Richard Reeves is right about one thing: time is crucial to capitalism’s legitimacy. The premise and promise of capitalism are that the future will be better than the present. And “if capitalism loses its lease on the future, it is in trouble.”
The fact is, things are not getting better for the vast majority of American workers. They’re falling behind. For example, as is clear in the chart above, the labor share in the U.S. nonfarm business sector has fallen more than 13 percent since early 2001—and there’s no indication that trend will be reversed anytime in the foreseeable future.
Time is clearly running out on capitalism.

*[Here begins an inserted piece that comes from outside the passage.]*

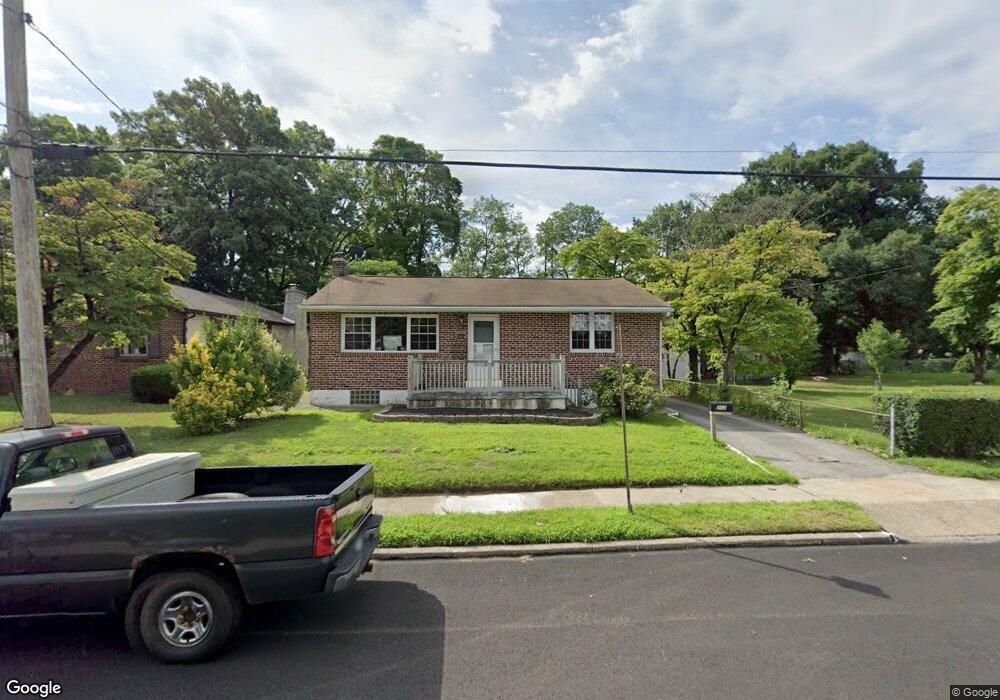 212 Powhattan St, Essington, PA 19029 - photo 1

It’s not as though Americans are unaware of this and other related trends, such as the looming climate crisis.*
Back in 2014, most Americans (62 percent) said the economic system in the United States unfairly favored powerful interests; only about a third (34 percent) said it is generally fair to most Americans. According to the Pew Research Center, those percentages are almost the same today.**
Moreover, the public continues to say that “business corporations make too much profit.” Today, 56 percent of the public says corporations make too much profit; only 39 percent say “most corporation make a fair and reasonable amount of profit.” These views have held largely steady since 1994.

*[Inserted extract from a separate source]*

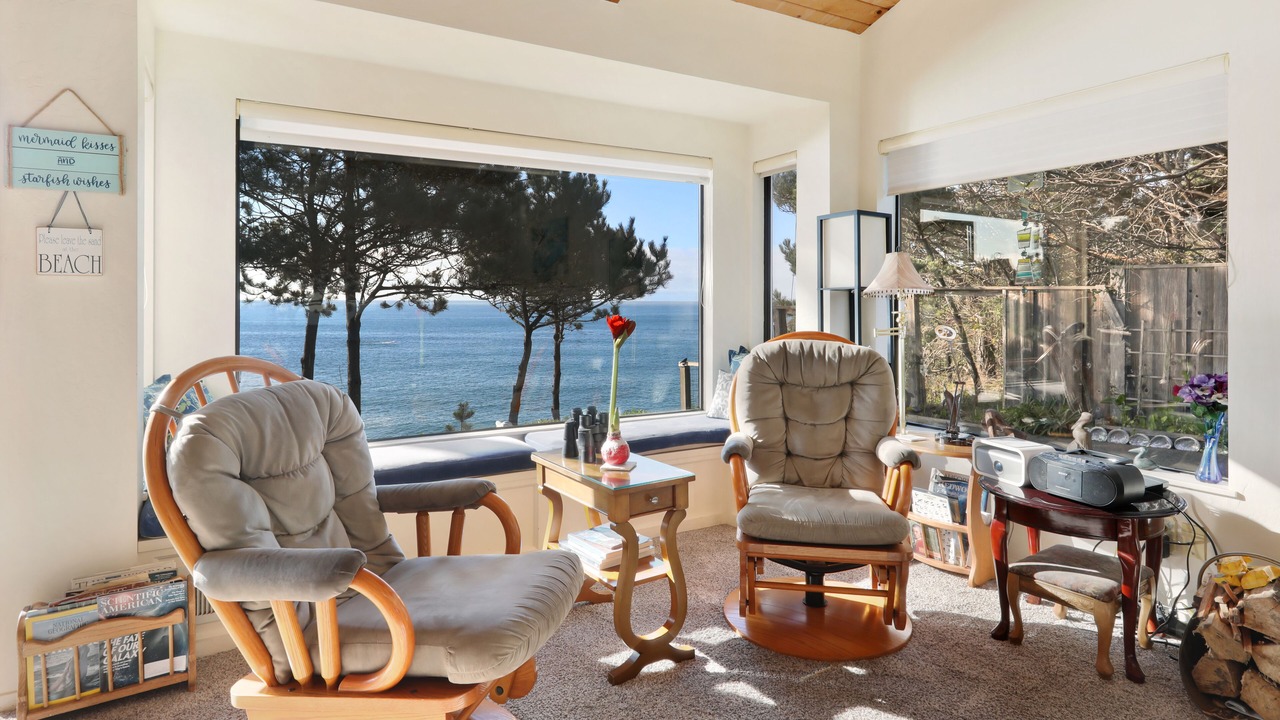 Photo of Livingroom in Anchor Bay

Americans hold similar views about the fairness of the Trump tax cuts (49 percent disapprove versus 36 percent who expressed approval) and the federal tax system (around 60 percent feel that some corporations and some wealthy people don’t pay their fair share).
Clearly, capitalism has lost a great deal of whatever legitimacy it once enjoyed in the minds of Americans.
Time may be running out for capitalism but time is still on our side. Because the same future orientation—the fact that “once the capitalism engine revved up, the future entered our collective imagination”—also includes the possibility that things can in fact be better in the future, even if making things better requires fundamental changes in the way the economy is organized.***
It is that relationship to time created by capitalism, according to which “each generation will rise on the shoulders of the one before,” that both leads to resentment about the unfulfilled promises of the existing economy and sparks the imagination of a radically different way of organizing economic and social life in the future.
*Reeves makes what can only be considered a risible argument on this score: “Blaming capitalism for climate change is like blaming distilleries for drunk driving.” The fact is, global warming is the result of the Capitalocene, in which the activities of corporations have made enormous profits both producing and using fossil fuels—and they haven’t been made to pay for the environmental costs, which they’ve managed to shift to the rest of society.
**The only notable change in the last five years is the fact that Republicans’ and Democrats’ attitudes about the fairness of the economic system have moved in opposite directions: in 2014, there was a 20 percentage-point gap between the shares of Republicans (51 percent) and Democrats (71 percent) who said the economy unfairly favors powerful interests; that gap is now 41 points (40 percent of Republicans versus 81 percent of Democrats). While about eight-in-ten Democrats and Democratic leaners say the economic system is unfair, a majority of Republicans and Republican leaners (56 percent) now say the economic system is generally fair to most Americans.
***The problem of time has long eluded mainstream, especially neoclassical, economists. For example, the only way they can envision a general equilibrium of markets is to suspend time, forbidding all trades unless and until there’s a price vector (announced by the mythical “auctioneer”) that brings all (actually, n-1) markets into equilibrium. Once time is introduced and trades take place without supply-demand equilibrium, all bets are off. Then, it’s likely the economy will not be in equilibrium, and may even move further away from equilibrium over time.